TASK PROMPT:
The records that follow are to be repeated without alteration.

ENTRIES PROVIDED:
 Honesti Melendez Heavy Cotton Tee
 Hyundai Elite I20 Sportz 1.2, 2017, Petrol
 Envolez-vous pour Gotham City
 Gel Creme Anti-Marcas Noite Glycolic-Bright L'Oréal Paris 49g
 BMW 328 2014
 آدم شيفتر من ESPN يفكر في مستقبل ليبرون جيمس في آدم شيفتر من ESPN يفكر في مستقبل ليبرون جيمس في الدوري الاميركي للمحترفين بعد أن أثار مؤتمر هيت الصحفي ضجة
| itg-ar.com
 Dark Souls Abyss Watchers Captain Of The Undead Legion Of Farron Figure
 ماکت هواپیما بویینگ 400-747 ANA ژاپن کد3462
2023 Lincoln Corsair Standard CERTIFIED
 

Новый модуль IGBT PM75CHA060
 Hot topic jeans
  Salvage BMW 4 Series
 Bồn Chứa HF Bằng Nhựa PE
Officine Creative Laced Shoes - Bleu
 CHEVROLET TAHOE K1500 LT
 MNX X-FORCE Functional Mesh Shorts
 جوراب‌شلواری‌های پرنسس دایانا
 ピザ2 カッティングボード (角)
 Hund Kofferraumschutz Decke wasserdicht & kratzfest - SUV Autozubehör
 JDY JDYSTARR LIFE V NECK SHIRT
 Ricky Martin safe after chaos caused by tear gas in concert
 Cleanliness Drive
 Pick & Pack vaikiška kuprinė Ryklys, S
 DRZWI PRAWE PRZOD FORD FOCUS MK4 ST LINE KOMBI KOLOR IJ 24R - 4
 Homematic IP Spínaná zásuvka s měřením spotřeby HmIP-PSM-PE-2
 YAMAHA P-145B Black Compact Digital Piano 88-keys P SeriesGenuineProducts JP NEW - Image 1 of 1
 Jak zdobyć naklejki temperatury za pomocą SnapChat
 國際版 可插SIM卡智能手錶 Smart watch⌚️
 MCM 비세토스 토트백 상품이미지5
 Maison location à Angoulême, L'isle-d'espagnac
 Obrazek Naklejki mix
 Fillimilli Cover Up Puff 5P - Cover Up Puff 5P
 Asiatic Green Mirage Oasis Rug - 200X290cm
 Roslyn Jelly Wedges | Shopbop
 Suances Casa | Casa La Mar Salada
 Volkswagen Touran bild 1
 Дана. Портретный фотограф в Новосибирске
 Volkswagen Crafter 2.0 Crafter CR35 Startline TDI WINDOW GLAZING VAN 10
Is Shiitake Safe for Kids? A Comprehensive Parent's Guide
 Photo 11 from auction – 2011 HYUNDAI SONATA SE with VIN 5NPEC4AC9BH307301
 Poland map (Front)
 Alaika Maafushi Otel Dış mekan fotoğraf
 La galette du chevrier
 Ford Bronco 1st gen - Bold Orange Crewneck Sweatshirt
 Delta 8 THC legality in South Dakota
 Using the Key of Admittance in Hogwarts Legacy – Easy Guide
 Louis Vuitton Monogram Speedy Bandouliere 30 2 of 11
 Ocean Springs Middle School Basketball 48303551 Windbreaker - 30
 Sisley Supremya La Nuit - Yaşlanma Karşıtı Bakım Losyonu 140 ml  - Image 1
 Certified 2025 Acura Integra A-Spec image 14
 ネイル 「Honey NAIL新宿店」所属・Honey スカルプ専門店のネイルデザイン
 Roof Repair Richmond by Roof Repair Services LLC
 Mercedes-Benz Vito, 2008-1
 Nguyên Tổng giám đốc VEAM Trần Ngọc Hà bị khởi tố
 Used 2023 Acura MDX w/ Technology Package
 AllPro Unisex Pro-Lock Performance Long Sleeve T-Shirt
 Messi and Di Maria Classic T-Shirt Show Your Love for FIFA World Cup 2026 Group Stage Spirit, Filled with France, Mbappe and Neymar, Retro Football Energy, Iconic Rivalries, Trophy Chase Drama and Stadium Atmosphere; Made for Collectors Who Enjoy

YOUR SOLUTION:
 Honesti Melendez Heavy Cotton Tee
 Hyundai Elite I20 Sportz 1.2, 2017, Petrol
 Envolez-vous pour Gotham City
 Gel Creme Anti-Marcas Noite Glycolic-Bright L'Oréal Paris 49g
 BMW 328 2014
 آدم شيفتر من ESPN يفكر في مستقبل ليبرون جيمس في آدم شيفتر من ESPN يفكر في مستقبل ليبرون جيمس في الدوري الاميركي للمحترفين بعد أن أثار مؤتمر هيت الصحفي ضجة
| itg-ar.com
 Dark Souls Abyss Watchers Captain Of The Undead Legion Of Farron Figure
 ماکت هواپیما بویینگ 400-747 ANA ژاپن کد3462
2023 Lincoln Corsair Standard CERTIFIED
 

Новый модуль IGBT PM75CHA060
 Hot topic jeans
  Salvage BMW 4 Series
 Bồn Chứa HF Bằng Nhựa PE
Officine Creative Laced Shoes - Bleu
 CHEVROLET TAHOE K1500 LT
 MNX X-FORCE Functional Mesh Shorts
 جوراب‌شلواری‌های پرنسس دایانا
 ピザ2 カッティングボード (角)
 Hund Kofferraumschutz Decke wasserdicht & kratzfest - SUV Autozubehör
 JDY JDYSTARR LIFE V NECK SHIRT
 Ricky Martin safe after chaos caused by tear gas in concert
 Cleanliness Drive
 Pick & Pack vaikiška kuprinė Ryklys, S
 DRZWI PRAWE PRZOD FORD FOCUS MK4 ST LINE KOMBI KOLOR IJ 24R - 4
 Homematic IP Spínaná zásuvka s měřením spotřeby HmIP-PSM-PE-2
 YAMAHA P-145B Black Compact Digital Piano 88-keys P SeriesGenuineProducts JP NEW - Image 1 of 1
 Jak zdobyć naklejki temperatury za pomocą SnapChat
 國際版 可插SIM卡智能手錶 Smart watch⌚️
 MCM 비세토스 토트백 상품이미지5
 Maison location à Angoulême, L'isle-d'espagnac
 Obrazek Naklejki mix
 Fillimilli Cover Up Puff 5P - Cover Up Puff 5P
 Asiatic Green Mirage Oasis Rug - 200X290cm
 Roslyn Jelly Wedges | Shopbop
 Suances Casa | Casa La Mar Salada
 Volkswagen Touran bild 1
 Дана. Портретный фотограф в Новосибирске
 Volkswagen Crafter 2.0 Crafter CR35 Startline TDI WINDOW GLAZING VAN 10
Is Shiitake Safe for Kids? A Comprehensive Parent's Guide
 Photo 11 from auction – 2011 HYUNDAI SONATA SE with VIN 5NPEC4AC9BH307301
 Poland map (Front)
 Alaika Maafushi Otel Dış mekan fotoğraf
 La galette du chevrier
 Ford Bronco 1st gen - Bold Orange Crewneck Sweatshirt
 Delta 8 THC legality in South Dakota
 Using the Key of Admittance in Hogwarts Legacy – Easy Guide
 Louis Vuitton Monogram Speedy Bandouliere 30 2 of 11
 Ocean Springs Middle School Basketball 48303551 Windbreaker - 30
 Sisley Supremya La Nuit - Yaşlanma Karşıtı Bakım Losyonu 140 ml  - Image 1
 Certified 2025 Acura Integra A-Spec image 14
 ネイル 「Honey NAIL新宿店」所属・Honey スカルプ専門店のネイルデザイン
 Roof Repair Richmond by Roof Repair Services LLC
 Mercedes-Benz Vito, 2008-1
 Nguyên Tổng giám đốc VEAM Trần Ngọc Hà bị khởi tố
 Used 2023 Acura MDX w/ Technology Package
 AllPro Unisex Pro-Lock Performance Long Sleeve T-Shirt
 Messi and Di Maria Classic T-Shirt Show Your Love for FIFA World Cup 2026 Group Stage Spirit, Filled with France, Mbappe and Neymar, Retro Football Energy, Iconic Rivalries, Trophy Chase Drama and Stadium Atmosphere; Made for Collectors Who Enjoy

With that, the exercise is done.